Infra temporal fossa
Infra temporal fossaInfra temporal fossa
Infra temporal fossaRam Raju
 
Rhinoplasty raju ppt full
Rhinoplasty raju ppt fullRhinoplasty raju ppt full
Rhinoplasty raju ppt fullRam Raju
 
Foreign body nose
Foreign body noseForeign body nose
Foreign body noseRam Raju
 
Endoscope assisted middle ear surgery
Endoscope assisted middle ear surgeryEndoscope assisted middle ear surgery
Endoscope assisted middle ear surgeryRam Raju
 
anatomy of oral cavity ,tongue and palate
anatomy of oral cavity ,tongue and palateanatomy of oral cavity ,tongue and palate
anatomy of oral cavity ,tongue and palateRam Raju
 
Assesment of hearing
Assesment of hearingAssesment of hearing
Assesment of hearingRam Raju
 
Anatomy of external n middle ear
Anatomy of external n middle earAnatomy of external n middle ear
Anatomy of external n middle earRam Raju
 

Más de Ram Raju (9)

Jna ug class
Jna ug classJna ug class
Jna ug class
 
Pedicled flaps in head and neck surgery
Pedicled flaps in head and neck surgeryPedicled flaps in head and neck surgery
Pedicled flaps in head and neck surgery
 
Infra temporal fossa
Infra temporal fossaInfra temporal fossa
Infra temporal fossa
 
Rhinoplasty raju ppt full
Rhinoplasty raju ppt fullRhinoplasty raju ppt full
Rhinoplasty raju ppt full
 
Foreign body nose
Foreign body noseForeign body nose
Foreign body nose
 
Endoscope assisted middle ear surgery
Endoscope assisted middle ear surgeryEndoscope assisted middle ear surgery
Endoscope assisted middle ear surgery
 
anatomy of oral cavity ,tongue and palate
anatomy of oral cavity ,tongue and palateanatomy of oral cavity ,tongue and palate
anatomy of oral cavity ,tongue and palate
 
Assesment of hearing
Assesment of hearingAssesment of hearing
Assesment of hearing
 
Anatomy of external n middle ear
Anatomy of external n middle earAnatomy of external n middle ear
Anatomy of external n middle ear
 

Último

Shazia Iqbal 2024 - Bioorganic Chemistry.pdf
Shazia Iqbal 2024 - Bioorganic Chemistry.pdfShazia Iqbal 2024 - Bioorganic Chemistry.pdf
Shazia Iqbal 2024 - Bioorganic Chemistry.pdfTrustlife
 
Genuine Call Girls Hyderabad 9630942363 Book High Profile Call Girl in Hydera...
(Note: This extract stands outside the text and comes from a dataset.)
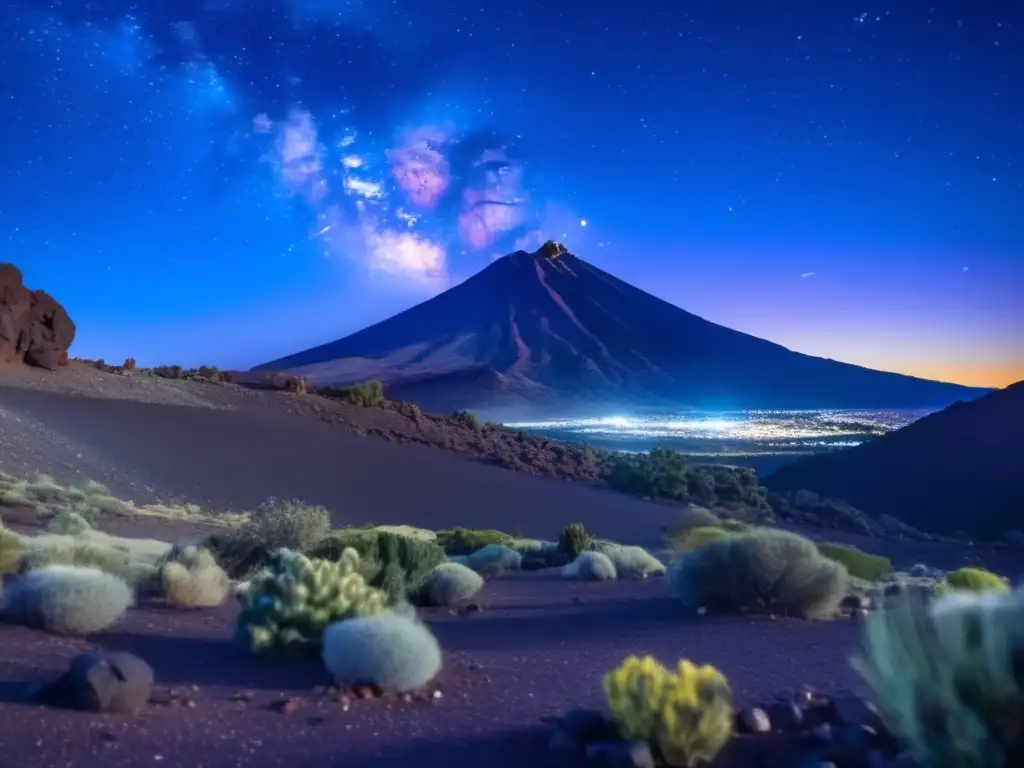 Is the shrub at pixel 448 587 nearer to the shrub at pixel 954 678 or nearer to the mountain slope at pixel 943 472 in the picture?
the shrub at pixel 954 678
Genuine Call Girls Hyderabad 9630942363 Book High Profile Call Girl in Hydera...Genuine Call Girls Hyderabad 9630942363 Book High Profile Call Girl in Hydera...
Genuine Call Girls Hyderabad 9630942363 Book High Profile Call Girl in Hydera...GENUINE ESCORT AGENCY
 
👉 Chennai Sexy Aunty’s WhatsApp Number 👉📞 7427069034 👉📞 Just📲 Call Ruhi Colle...
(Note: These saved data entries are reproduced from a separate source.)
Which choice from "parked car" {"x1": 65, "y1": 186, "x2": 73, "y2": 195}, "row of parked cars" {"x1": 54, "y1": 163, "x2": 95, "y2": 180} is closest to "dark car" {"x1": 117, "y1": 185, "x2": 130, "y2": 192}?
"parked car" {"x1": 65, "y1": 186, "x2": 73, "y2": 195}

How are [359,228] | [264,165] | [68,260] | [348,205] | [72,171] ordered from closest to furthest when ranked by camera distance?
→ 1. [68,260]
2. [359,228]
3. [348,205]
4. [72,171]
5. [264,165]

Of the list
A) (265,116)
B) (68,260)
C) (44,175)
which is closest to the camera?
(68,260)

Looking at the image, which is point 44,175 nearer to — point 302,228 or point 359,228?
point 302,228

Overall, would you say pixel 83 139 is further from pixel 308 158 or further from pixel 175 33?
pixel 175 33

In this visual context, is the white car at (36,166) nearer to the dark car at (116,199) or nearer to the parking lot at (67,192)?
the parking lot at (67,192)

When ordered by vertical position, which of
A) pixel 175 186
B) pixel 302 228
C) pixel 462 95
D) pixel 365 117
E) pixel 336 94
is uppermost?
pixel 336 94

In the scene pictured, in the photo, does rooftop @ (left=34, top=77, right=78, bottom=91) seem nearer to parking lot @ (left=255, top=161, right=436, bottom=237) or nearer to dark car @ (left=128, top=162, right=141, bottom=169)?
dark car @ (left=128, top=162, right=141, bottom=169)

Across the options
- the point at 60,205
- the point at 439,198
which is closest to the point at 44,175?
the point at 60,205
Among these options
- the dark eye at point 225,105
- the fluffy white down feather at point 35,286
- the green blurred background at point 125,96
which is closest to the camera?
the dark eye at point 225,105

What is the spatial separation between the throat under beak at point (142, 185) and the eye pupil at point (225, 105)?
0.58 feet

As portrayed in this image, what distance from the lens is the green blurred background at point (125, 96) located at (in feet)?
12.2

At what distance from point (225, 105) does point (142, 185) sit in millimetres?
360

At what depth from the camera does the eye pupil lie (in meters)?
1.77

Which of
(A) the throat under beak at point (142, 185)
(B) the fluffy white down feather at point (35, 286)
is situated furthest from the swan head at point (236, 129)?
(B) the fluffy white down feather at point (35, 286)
👉 Chennai Sexy Aunty’s WhatsApp Number 👉📞 7427069034 👉📞 Just📲 Call Ruhi Colle...👉 Chennai Sexy Aunty’s WhatsApp Number 👉📞 7427069034 👉📞 Just📲 Call Ruhi Colle...
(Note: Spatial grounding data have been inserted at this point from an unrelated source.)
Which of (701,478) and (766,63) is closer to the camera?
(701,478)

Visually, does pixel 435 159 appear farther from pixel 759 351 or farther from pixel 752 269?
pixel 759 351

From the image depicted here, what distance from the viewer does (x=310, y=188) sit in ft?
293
👉 Chennai Sexy Aunty’s WhatsApp Number 👉📞 7427069034 👉📞 Just📲 Call Ruhi Colle...rajnisinghkjn
 
Call 8250092165 Patna Call Girls ₹4.5k Cash Payment With Room Delivery
Call 8250092165 Patna Call Girls ₹4.5k Cash Payment With Room DeliveryCall 8250092165 Patna Call Girls ₹4.5k Cash Payment With Room Delivery
Call 8250092165 Patna Call Girls ₹4.5k Cash Payment With Room DeliveryJyoti singh
 
Gorgeous Call Girls Dehradun {8854095900} ❤️VVIP ROCKY Call Girls in Dehradun...
Gorgeous Call Girls Dehradun {8854095900} ❤️VVIP ROCKY Call Girls in Dehradun...Gorgeous Call Girls Dehradun {8854095900} ❤️VVIP ROCKY Call Girls in Dehradun...
Gorgeous Call Girls Dehradun {8854095900} ❤️VVIP ROCKY Call Girls in Dehradun...Sheetaleventcompany
 
tongue disease lecture Dr Assadawy legacy
tongue disease lecture Dr Assadawy legacytongue disease lecture Dr Assadawy legacy
tongue disease lecture Dr Assadawy legacyDrMohamed Assadawy
 
Dehradun Call Girls Service {8854095900} ❤️VVIP ROCKY Call Girl in Dehradun U...
Dehradun Call Girls Service {8854095900} ❤️VVIP ROCKY Call Girl in Dehradun U...Dehradun Call Girls Service {8854095900} ❤️VVIP ROCKY Call Girl in Dehradun U...
Dehradun Call Girls Service {8854095900} ❤️VVIP ROCKY Call Girl in Dehradun U...Sheetaleventcompany
 
👉Chandigarh Call Girl Service📲Niamh 8868886958 📲Book 24hours Now📲👉Sexy Call G...
👉Chandigarh Call Girl Service📲Niamh 8868886958 📲Book 24hours Now📲👉Sexy Call G...👉Chandigarh Call Girl Service📲Niamh 8868886958 📲Book 24hours Now📲👉Sexy Call G...
👉Chandigarh Call Girl Service📲Niamh 8868886958 📲Book 24hours Now📲👉Sexy Call G...Sheetaleventcompany
 
Control of Local Blood Flow: acute and chronic
Control of Local Blood Flow: acute and chronicControl of Local Blood Flow: acute and chronic
Control of Local Blood Flow: acute and chronicMedicoseAcademics
 
Pune Call Girl Service 📞9xx000xx09📞Just Call Divya📲 Call Girl In Pune No💰Adva...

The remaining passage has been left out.